Wall Street hit a confirmed bear market milestone and bond yields struck a two-decade high.

In US farm markets, only some wheat prices tested marginal gains in overnight trading, as SRW prices closed just 0.02% higher; Kansas City wheat prices stayed 0.06% lower; spring wheat prices were 0.02% higher, by the closing bell. 

But everything rest was in the red by the close after the broad sell-off which led the equities into a bear market territory. 

Soybeans suffered the biggest setback, with prices slumped 2.18% lower. 

Meal was the drag of the market, closing 3.26% down. 

Soy oil prices closed 1.61% lower. 

Corn losses were more manageable as July contract trended 0.52% lower.

In energy markets, oil prices rose about $1 in volatile trade on Tuesday.

U.S. West Texas Intermediate (WTI) crude, indeed, rose 96 cents, or 0.8% to $121.89 a barrel at 06:34 GMT, while Brent crude futures rose $1.05, or 0.9%, to $123.32 a barrel.

On Monday Brent crude rose 26 cents to settle at $122.27 a barrel. 

U.S. West Texas Intermediate crude rose 26 cents to settle at $120.93 a barrel. 

However the trade was volatile, as prices down about $3 a barrel earlier in the session.

Tight global supplies, indeed, outweighed worries that fuel demand would be hit by a possible recession and fresh COVID-19 curbs in China where the capital’s most populous district, Chaoyang, kicked off a three-day mass testing campaign among its roughly 3.5 million residents on Monday, and where about 10,000 close contacts of the bar’s patrons have been identified, and their residential buildings put under lockdown.

However, a drop in exports from Libya due a political crisis that has hit output and ports, has dropped production in the country to 100,000 barrels per day from 1.2 million bpd last year.

Analysts expect U.S. crude inventories fell by 1.2 million barrels in the week to June 3, while forecasting that gasoline stockpiles rose by about 800,000 barrels and distillate inventories, which include diesel and heating oil, were unchanged.

The market will be awaiting weekly data from the American Petroleum Institute on Tuesday and the U.S. Energy Information Administration on Wednesday for a better view of how tight crude and fuel supply remain.

But oil prices could face pressure if the U.S. Federal Reserve surprises the markets with a higher-than-expected interest rate hike.

In freight markets, the Baltic Exchange’s main sea freight index extended its retreat into a sixth straight session on Monday, falling 2.6% to a near two-month low of 2,260 points, as both activity and demand remain subdued. 

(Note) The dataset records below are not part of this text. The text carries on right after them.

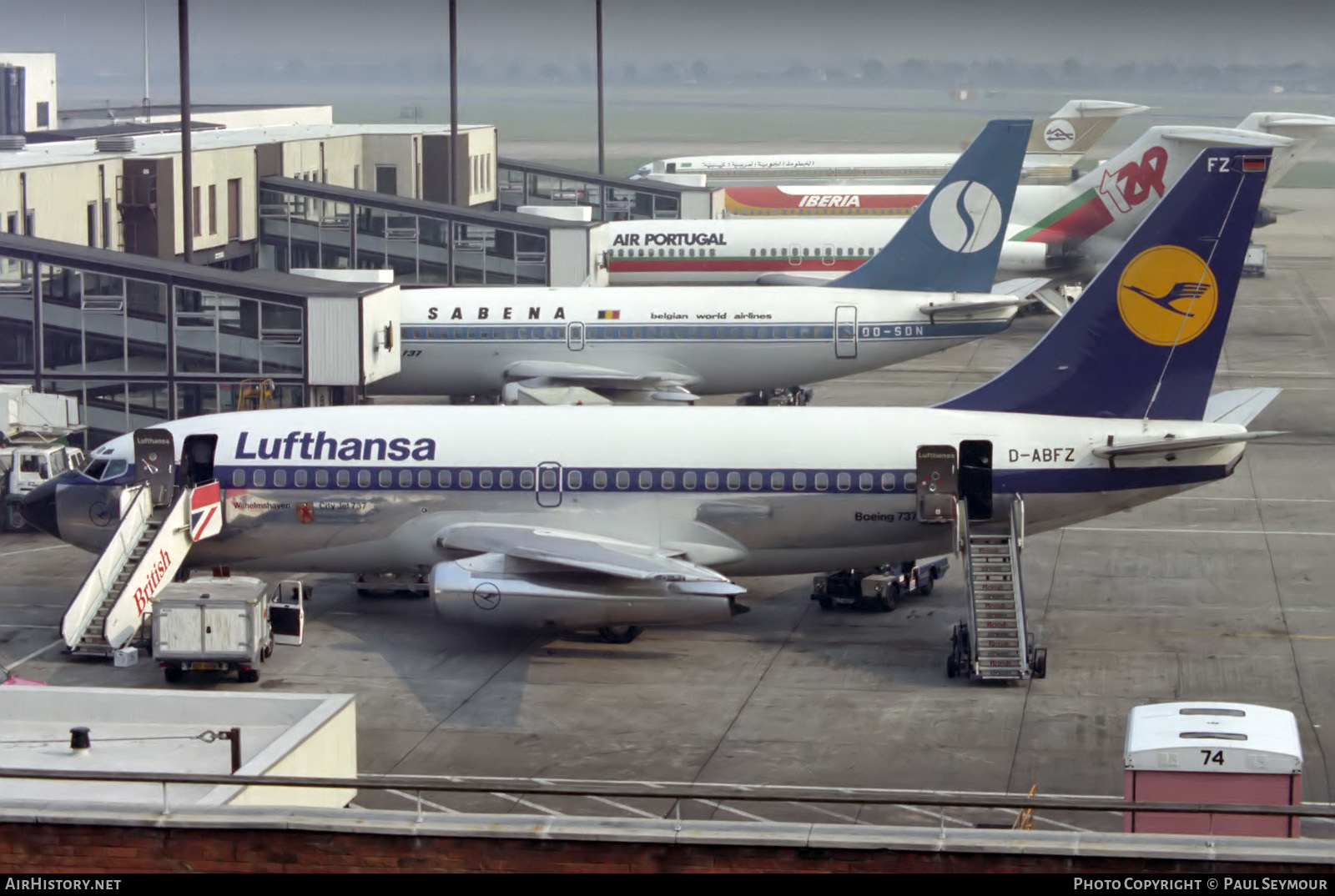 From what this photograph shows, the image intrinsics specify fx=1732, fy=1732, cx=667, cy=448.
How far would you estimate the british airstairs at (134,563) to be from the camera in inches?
1296

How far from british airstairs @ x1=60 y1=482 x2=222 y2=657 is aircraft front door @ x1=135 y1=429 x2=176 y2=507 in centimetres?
24

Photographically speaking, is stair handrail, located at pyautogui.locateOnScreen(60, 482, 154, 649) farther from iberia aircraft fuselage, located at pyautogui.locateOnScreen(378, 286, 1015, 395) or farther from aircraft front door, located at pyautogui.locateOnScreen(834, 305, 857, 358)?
aircraft front door, located at pyautogui.locateOnScreen(834, 305, 857, 358)

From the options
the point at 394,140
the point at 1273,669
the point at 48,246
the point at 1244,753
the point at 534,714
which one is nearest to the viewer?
the point at 1244,753

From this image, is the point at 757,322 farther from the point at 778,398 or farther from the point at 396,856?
the point at 396,856

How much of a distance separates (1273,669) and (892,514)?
7592 millimetres

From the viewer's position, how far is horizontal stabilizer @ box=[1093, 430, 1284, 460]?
32.9 m

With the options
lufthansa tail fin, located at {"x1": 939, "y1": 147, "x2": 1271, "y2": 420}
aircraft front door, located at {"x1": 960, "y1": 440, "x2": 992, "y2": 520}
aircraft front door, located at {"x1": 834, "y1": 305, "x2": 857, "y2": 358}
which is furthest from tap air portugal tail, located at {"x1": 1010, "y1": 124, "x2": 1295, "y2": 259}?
aircraft front door, located at {"x1": 960, "y1": 440, "x2": 992, "y2": 520}

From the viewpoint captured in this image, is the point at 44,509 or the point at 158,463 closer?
the point at 158,463

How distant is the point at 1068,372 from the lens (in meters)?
34.3

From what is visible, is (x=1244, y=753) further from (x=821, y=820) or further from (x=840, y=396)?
(x=840, y=396)

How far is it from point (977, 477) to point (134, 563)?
54.8ft

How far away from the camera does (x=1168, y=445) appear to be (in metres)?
33.0

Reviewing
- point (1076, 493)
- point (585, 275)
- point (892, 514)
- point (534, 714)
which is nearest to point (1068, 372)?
point (1076, 493)

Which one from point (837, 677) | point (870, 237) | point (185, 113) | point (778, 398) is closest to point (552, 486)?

The capesize index, which tracks iron ore and coal cargos of 150,000-tonnes, slumped about 5% to 2,246 points; and the panamax index, which tracks about 60,000 to 70,000 tonnes of coal and grains cargoes, declined 1% to 2,600 points. 

Among smaller vessels, the supramax index lost 32 points to 2,463 points.

In equity markets, stocks on Monday fell sharply for a second session in a row.

The S&P 500 slumping to a 15-month low, the Dow Jones Industrials falling to a 16-month low, and the Nasdaq 100 dropping to a 19-month low.

The S&P 500 index sank 3.9% to 3,749.63. 

It’s now 21.8% below its record set early this year and so it is now in a bear market. 

The Dow lost 876.05, or 2.8%, to 30,516.74, after falling more than 1,000 points. 

The Nasdaq composite dropped 4.7% to 10,809.23.

Global equity markets plummeted on concern that soaring inflation will prompt the Fed to be more aggressive in tightening monetary policy.

That will slow economic growth and possibly spark a recession. 

The two-year Treasury yield shot to 3.36% from 3.06% late Friday in its second straight major move. 

It earlier touched its highest level since 2007, according to Tradeweb.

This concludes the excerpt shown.